TASK OBJECTIVE>
Return exactly the lines of the data below, from the one that contains "Montar Shelby ShapeTight" through the final line, and leave out every picture.

[Opening RECORDED INFORMATION section]

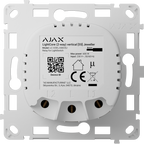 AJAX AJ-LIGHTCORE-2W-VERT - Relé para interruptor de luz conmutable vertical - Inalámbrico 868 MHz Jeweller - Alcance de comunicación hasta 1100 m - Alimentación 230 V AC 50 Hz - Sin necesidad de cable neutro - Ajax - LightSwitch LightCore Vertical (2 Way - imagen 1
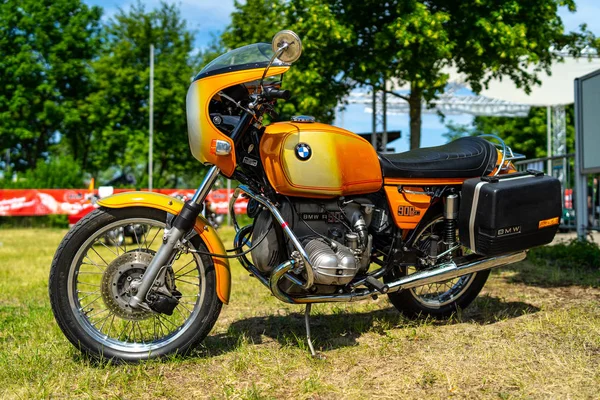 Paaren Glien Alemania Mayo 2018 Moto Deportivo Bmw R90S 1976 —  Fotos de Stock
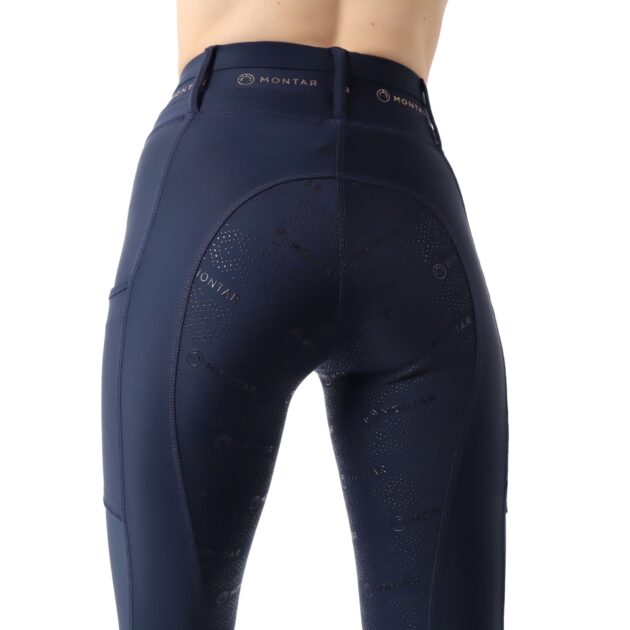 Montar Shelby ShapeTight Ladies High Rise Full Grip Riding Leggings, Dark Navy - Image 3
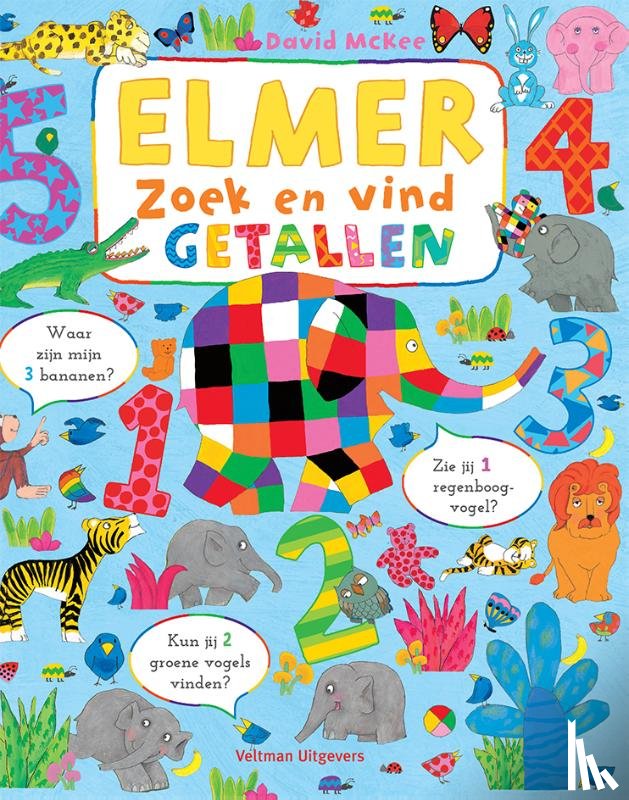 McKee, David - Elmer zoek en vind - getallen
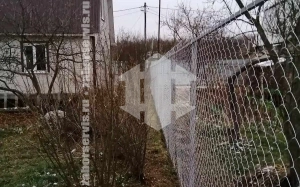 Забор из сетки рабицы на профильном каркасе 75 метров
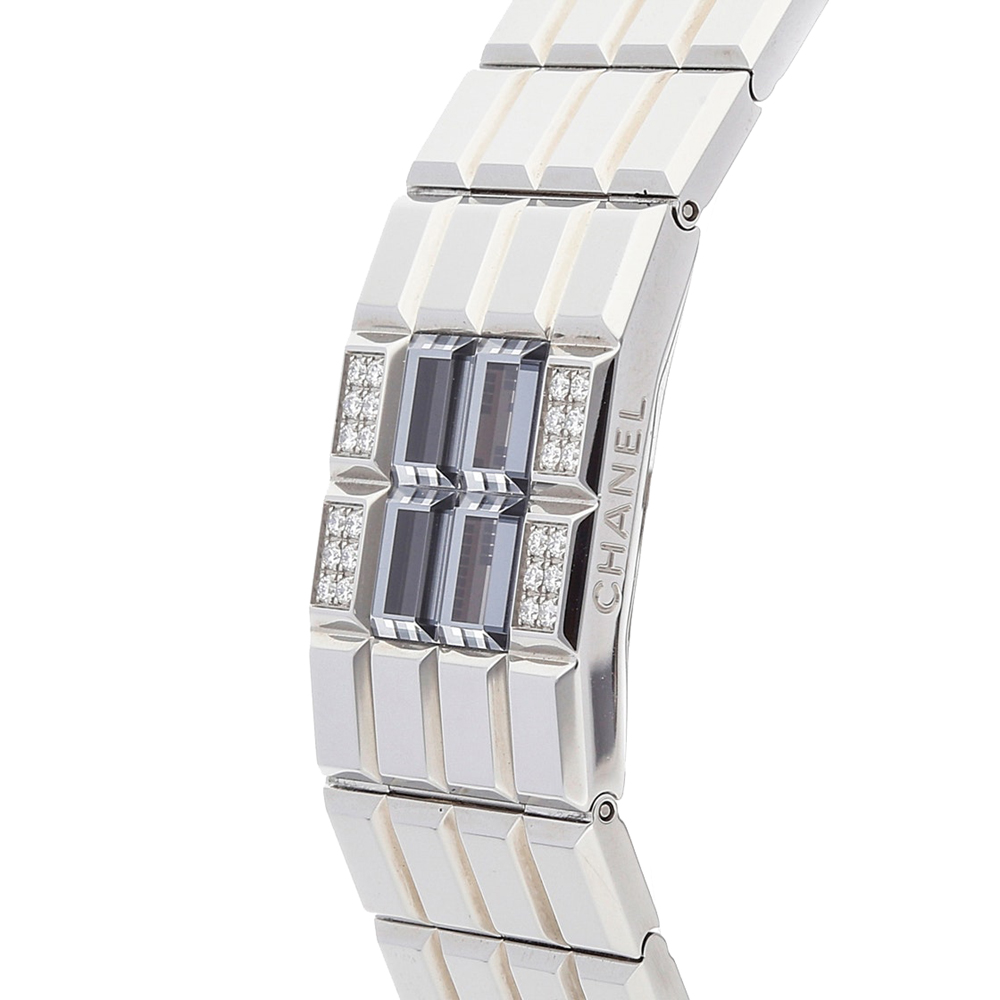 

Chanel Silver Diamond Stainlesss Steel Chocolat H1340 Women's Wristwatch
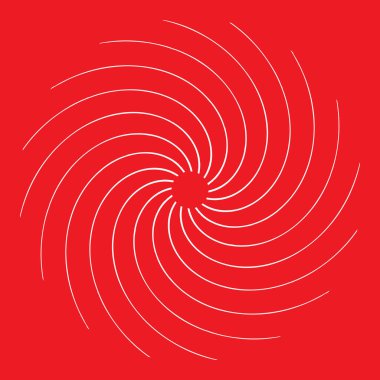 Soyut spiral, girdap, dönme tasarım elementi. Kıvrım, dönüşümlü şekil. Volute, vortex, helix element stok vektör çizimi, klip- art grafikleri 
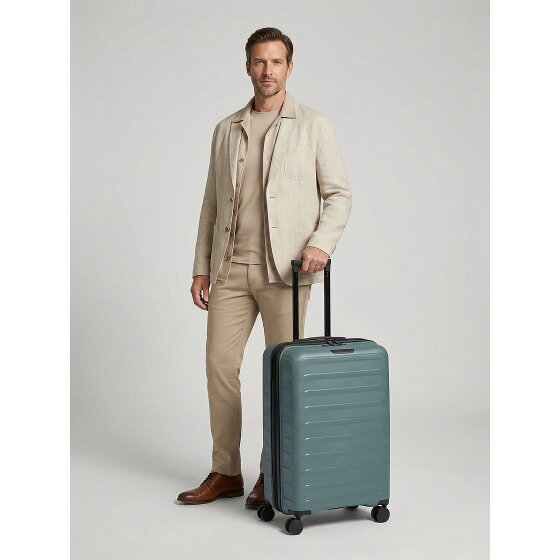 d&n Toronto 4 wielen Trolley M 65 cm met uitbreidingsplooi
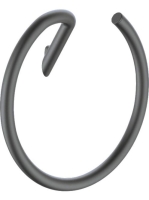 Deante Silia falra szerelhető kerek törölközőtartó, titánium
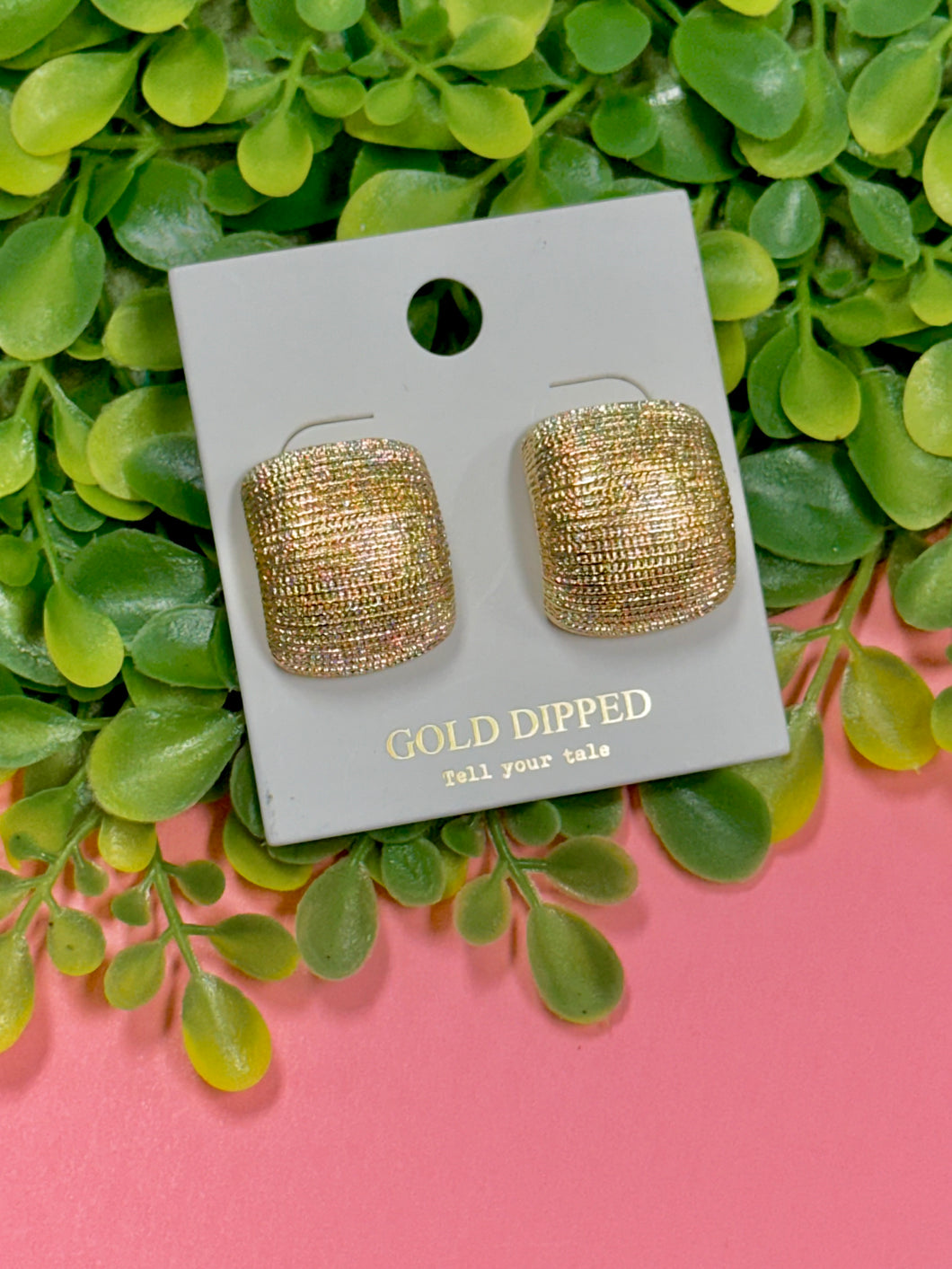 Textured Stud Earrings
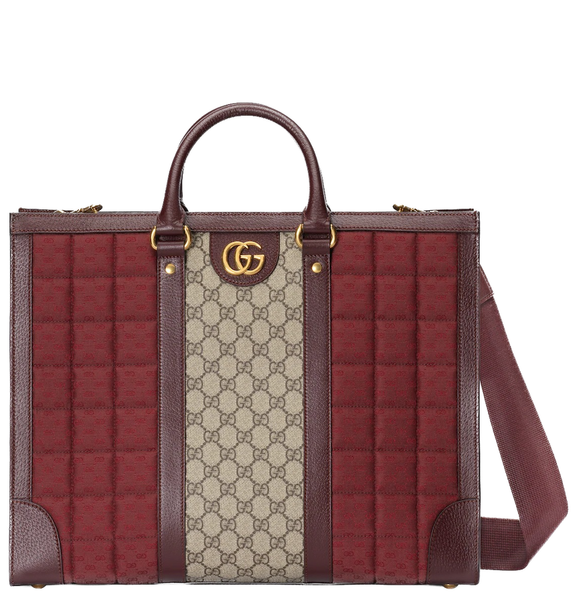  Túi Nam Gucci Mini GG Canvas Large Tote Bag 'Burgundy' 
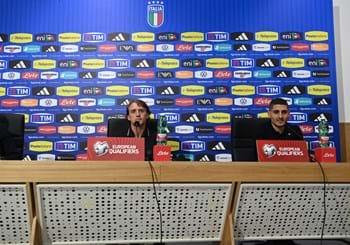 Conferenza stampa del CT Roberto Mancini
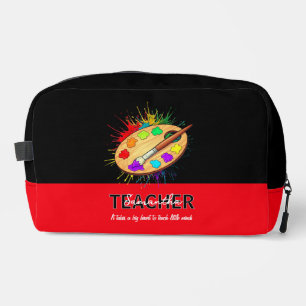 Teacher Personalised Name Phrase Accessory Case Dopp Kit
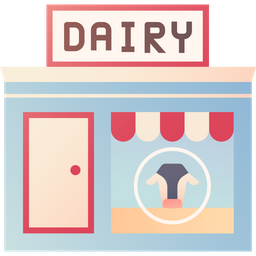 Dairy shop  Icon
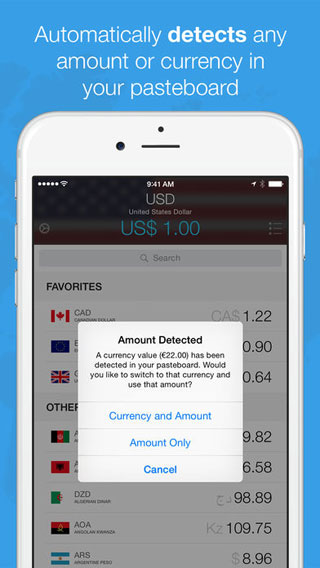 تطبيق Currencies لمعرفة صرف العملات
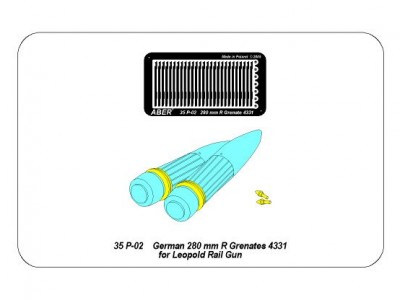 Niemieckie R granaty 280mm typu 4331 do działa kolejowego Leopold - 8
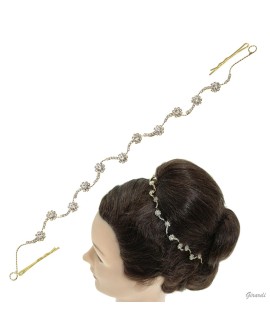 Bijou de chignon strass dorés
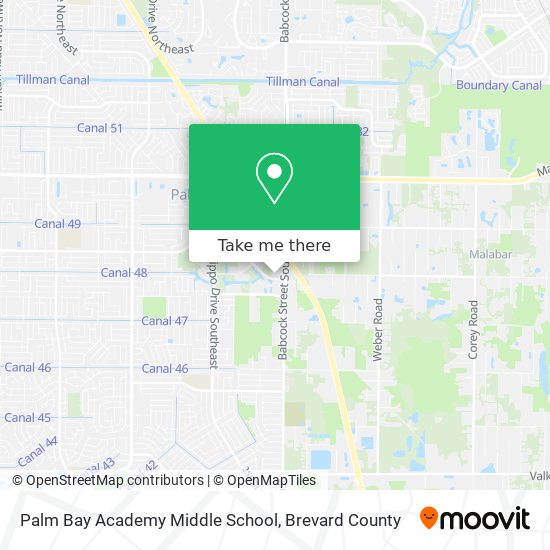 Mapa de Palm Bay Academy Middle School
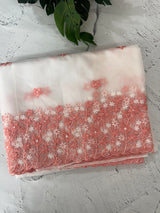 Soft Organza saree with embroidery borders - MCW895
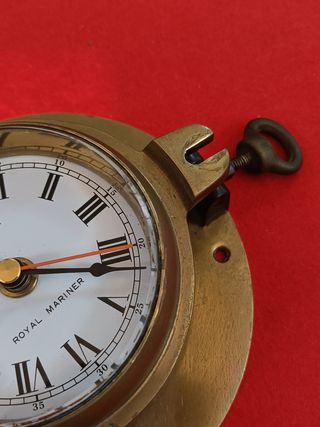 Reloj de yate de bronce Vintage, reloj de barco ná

[Closing RECORDED INFORMATION section]

SOLVED PROBLEM>
 Montar Shelby ShapeTight Ladies High Rise Full Grip Riding Leggings, Dark Navy - Image 3
 McKee, David - Elmer zoek en vind - getallen
 Забор из сетки рабицы на профильном каркасе 75 метров

Chanel Silver Diamond Stainlesss Steel Chocolat H1340 Women's Wristwatch
 Soyut spiral, girdap, dönme tasarım elementi. Kıvrım, dönüşümlü şekil. Volute, vortex, helix element stok vektör çizimi, klip- art grafikleri 
 d&n Toronto 4 wielen Trolley M 65 cm met uitbreidingsplooi
 Deante Silia falra szerelhető kerek törölközőtartó, titánium
 Textured Stud Earrings
  Túi Nam Gucci Mini GG Canvas Large Tote Bag 'Burgundy' 
 Conferenza stampa del CT Roberto Mancini
 Teacher Personalised Name Phrase Accessory Case Dopp Kit
 Dairy shop  Icon
 تطبيق Currencies لمعرفة صرف العملات
 Niemieckie R granaty 280mm typu 4331 do działa kolejowego Leopold - 8
 Bijou de chignon strass dorés
 Mapa de Palm Bay Academy Middle School
 Soft Organza saree with embroidery borders - MCW895
 Reloj de yate de bronce Vintage, reloj de barco ná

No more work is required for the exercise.